Dataset entries:
=== Begin Enclosure ===

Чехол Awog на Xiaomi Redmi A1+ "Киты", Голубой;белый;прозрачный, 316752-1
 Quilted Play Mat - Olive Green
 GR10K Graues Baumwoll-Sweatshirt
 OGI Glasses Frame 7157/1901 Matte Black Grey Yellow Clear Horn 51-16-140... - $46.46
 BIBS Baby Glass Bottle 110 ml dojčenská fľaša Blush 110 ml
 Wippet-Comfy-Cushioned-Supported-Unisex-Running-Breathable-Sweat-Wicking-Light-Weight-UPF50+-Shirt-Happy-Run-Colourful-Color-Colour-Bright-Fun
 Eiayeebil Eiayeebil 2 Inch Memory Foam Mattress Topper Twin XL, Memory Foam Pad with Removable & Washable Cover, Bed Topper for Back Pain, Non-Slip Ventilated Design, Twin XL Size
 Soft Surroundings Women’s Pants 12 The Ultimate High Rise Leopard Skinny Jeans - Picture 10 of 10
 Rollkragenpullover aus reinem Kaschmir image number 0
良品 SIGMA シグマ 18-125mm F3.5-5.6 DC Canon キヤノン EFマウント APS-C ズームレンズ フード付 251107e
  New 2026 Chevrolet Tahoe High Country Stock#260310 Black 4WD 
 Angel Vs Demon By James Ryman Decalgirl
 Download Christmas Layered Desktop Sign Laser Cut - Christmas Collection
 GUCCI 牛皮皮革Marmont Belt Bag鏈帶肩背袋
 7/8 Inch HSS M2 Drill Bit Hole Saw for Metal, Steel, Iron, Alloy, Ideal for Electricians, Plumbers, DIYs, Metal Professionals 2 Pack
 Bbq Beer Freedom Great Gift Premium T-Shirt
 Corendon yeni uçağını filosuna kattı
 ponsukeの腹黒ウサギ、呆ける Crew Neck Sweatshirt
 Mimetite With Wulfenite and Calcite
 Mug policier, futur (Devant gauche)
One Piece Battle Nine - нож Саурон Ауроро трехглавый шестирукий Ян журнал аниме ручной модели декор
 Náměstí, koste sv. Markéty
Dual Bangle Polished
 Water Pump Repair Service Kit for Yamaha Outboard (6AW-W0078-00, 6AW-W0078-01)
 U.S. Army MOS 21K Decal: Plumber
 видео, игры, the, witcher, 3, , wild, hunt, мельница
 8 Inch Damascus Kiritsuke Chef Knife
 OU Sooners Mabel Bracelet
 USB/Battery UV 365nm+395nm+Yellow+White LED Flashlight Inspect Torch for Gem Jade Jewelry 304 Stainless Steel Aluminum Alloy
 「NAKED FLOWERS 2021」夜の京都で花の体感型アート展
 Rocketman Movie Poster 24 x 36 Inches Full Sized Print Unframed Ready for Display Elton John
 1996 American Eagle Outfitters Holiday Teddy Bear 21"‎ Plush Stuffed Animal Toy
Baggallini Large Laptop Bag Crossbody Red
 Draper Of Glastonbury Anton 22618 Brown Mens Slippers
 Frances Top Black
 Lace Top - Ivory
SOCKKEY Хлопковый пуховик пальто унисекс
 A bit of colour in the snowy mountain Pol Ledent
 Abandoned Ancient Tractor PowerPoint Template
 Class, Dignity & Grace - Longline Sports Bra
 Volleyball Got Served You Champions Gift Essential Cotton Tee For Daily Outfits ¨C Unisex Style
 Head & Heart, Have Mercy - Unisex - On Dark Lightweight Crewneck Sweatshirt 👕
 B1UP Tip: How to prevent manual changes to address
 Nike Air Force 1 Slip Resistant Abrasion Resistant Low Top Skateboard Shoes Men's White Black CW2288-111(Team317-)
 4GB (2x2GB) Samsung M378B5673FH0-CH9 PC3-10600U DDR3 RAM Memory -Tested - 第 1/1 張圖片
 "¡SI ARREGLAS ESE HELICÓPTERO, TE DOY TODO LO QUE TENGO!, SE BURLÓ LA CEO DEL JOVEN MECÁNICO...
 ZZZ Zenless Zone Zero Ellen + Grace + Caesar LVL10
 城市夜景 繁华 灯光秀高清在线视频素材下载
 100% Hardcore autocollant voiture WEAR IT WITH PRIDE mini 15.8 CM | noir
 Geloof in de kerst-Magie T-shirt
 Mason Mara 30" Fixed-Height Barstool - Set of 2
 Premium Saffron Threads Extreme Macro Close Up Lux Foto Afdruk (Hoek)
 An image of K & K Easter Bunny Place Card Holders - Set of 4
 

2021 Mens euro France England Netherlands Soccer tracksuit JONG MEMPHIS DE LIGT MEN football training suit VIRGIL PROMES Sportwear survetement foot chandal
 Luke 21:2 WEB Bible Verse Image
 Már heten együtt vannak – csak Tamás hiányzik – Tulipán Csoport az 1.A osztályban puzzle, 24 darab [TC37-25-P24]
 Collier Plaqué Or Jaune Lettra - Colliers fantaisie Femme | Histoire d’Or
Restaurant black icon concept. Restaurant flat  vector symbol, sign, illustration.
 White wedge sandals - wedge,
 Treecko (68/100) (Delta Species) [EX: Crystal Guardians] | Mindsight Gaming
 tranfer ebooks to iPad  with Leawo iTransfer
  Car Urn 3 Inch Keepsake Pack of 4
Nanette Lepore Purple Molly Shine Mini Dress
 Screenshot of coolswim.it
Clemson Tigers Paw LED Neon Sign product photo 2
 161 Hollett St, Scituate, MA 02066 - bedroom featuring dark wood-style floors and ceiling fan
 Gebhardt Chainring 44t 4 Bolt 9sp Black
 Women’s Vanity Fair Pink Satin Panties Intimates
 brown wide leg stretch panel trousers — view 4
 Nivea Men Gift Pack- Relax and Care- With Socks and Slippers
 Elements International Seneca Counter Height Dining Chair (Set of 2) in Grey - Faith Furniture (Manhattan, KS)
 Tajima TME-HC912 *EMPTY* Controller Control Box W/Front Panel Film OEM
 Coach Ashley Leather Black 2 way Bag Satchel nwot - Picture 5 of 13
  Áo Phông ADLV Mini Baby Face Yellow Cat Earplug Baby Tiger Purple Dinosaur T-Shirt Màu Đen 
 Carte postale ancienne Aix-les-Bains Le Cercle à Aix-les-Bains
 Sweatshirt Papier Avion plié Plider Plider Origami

=== End Enclosure ===

- Action item
Only one stretch of the entries above is wanted: the lines from the one containing "Class, Dignity & Grace - Longline Sports Bra" through the one containing "Head & Heart, Have". Please reproduce it exactly.

- Result of this exercise
 Class, Dignity & Grace - Longline Sports Bra
 Volleyball Got Served You Champions Gift Essential Cotton Tee For Daily Outfits ¨C Unisex Style
 Head & Heart, Have Mercy - Unisex - On Dark Lightweight Crewneck Sweatshirt 👕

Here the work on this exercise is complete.